I'm developing a system built on the grpc tonic of tokio, which is a high-performance service to store spark shuffle data. However, when writing data with high concurrency by grpc request, a single grpc request takes a very long time, up to 30s +. This makes me confused.
After surfacing the tokio issue and dump the await-tree and the cpu profile, I found the slow occurs on the tokio::sync::Mutex . So I replace to the std::sync:mutex . And this looks fine.
But the root cause is not solved. I still found the await function invoking in tokio sometimes costs 1s (actually I log the internal execution, only cost 1ms). And I suspect the tokio schedule problem.
I can't offer any specific help with this, but I can do the standard check: are you sure you're testing an optimised --release build? By default, cargo produces unoptimised debug builds.
Although the Tokio mutex is slower than the std mutex, the difference is not that big. If you're measuring whole seconds, then the problem is something else.
The tokio Mutex is actually just unscheduling the current task until another task releases the lock: the delay until lock succeeds is due to either another task simply holding it that long (often due it locking over too long a section of code), or you simply being out of worker threads to schedule the task on to continue after the .lock().await.

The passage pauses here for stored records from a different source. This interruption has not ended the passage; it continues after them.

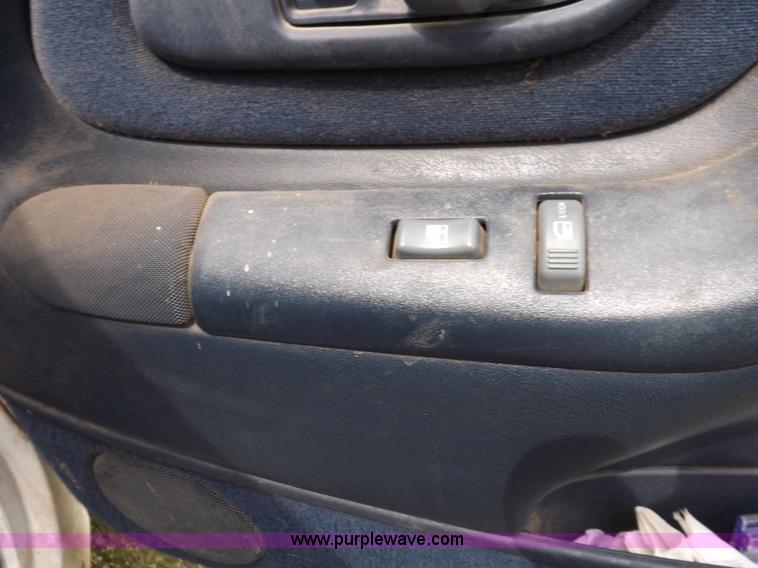 image for item K3920 1999 Chevrolet Tahoe LS SUV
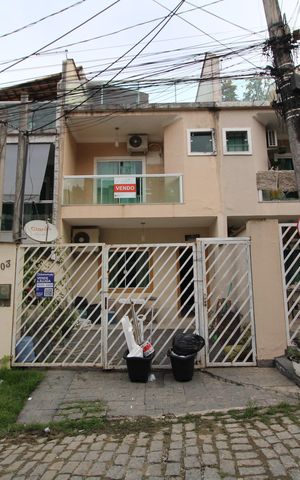 Casa de condomínio à venda com 180m², 3 quartos e 1 vagaFachada Placa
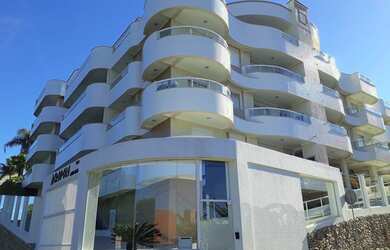 Imagem: O apartamento possui 3 Dormitórios, 1 Suíte, 2 Banheiros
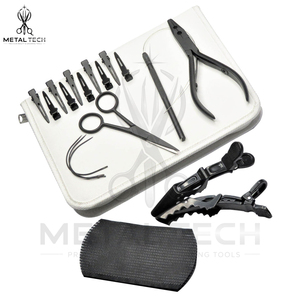 Kit d'outils pour extensions capillaires en acier inoxydable, avec étui de voyage blanc, comprenant des pinces de salon petites et grandes, des anneaux de séparation, des aiguilles en C et des pinces. - Product Image 4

You should in theory be able to test which of these it is by increasing the tokio worker pool thread count (often by using something like #[tokio::main(worker_threads = 20)] - it defaults the your CPU count) or by also instrumenting the time from lock to unlock. For the first, you may need to ensure that you don't let any tasks run too long between .awaits, so tokio can service all your tasks quickly.
I'd start with the general theory that the tokio threads aren't running my task because they're doing something else. There are a bunch of tools I might reach for to see what that something else is, including:
a wall clock profiler (e.g. a profiler configured to get a backtrace of every thread named tokio-* every 1/100th of a second).

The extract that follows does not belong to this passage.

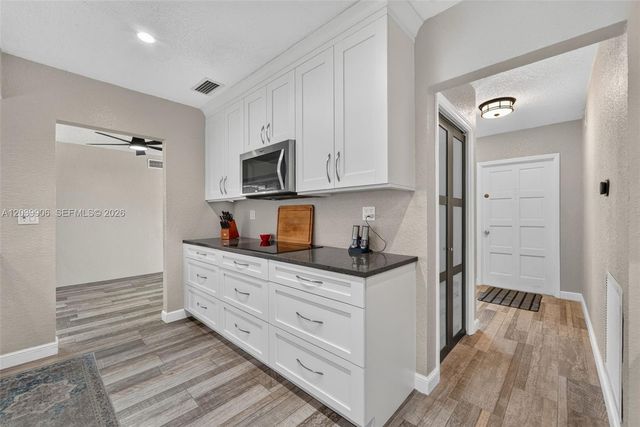 4831 NW 77th Ct, Pompano Beach, FL 33073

custom code that gets a single snapshot of all these threads right when I know the thing is broken, e.g. a timer that I start right before .lock().await and cancel right after. I've written instrumentation like this but unfortunately it was in C++ and is buried in a previous employer's proprietary codebase. But it can be super valuable.
a cpu profiler might do, if the problematic thing is CPU-bound, but that's not guaranteed.

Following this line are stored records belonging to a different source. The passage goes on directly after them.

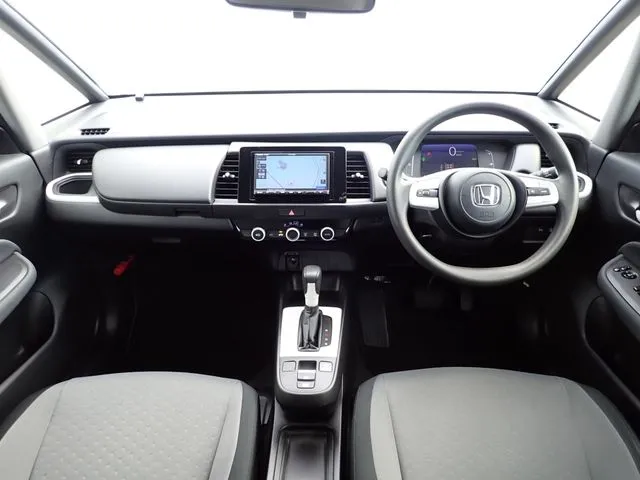 フィット　ｅ：ＨＥＶ（ホンダ）の車両写真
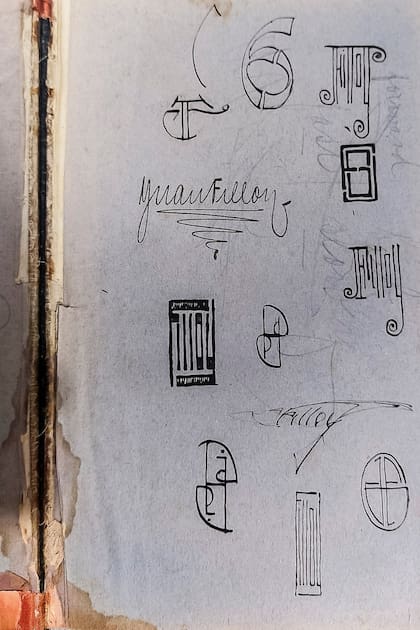 "Código de Minería", de 1905, que Filloy usó en su carrera universitaria; los dibujos son ensayos de ex-libris
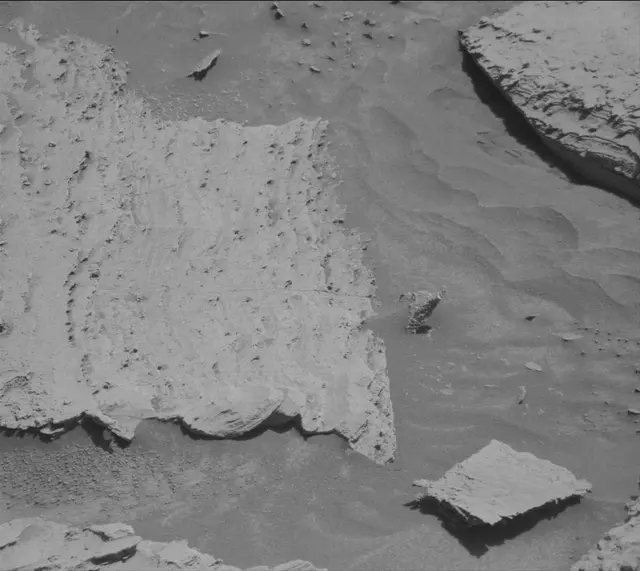 Sol 3889: Mast Camera (Mastcam)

syscall-level stuff with eBPF or strace or the like, if the problem is something doing blocking syscalls from tokio threads.
tracing, although it relies on the problematic thing having been annotated with e.g. #[tracing::instrument].
When a task has a busy time that keeps increasing, but the number of polls is not increasing, then you are blocking the thread. The link explains what that means.
After using await-tree and tokio-console, I finally replace the tokio::sync::mutex with std mutex, it looks really fast. So for my test case, the performance loss is so huge when the high concurrent grpc request.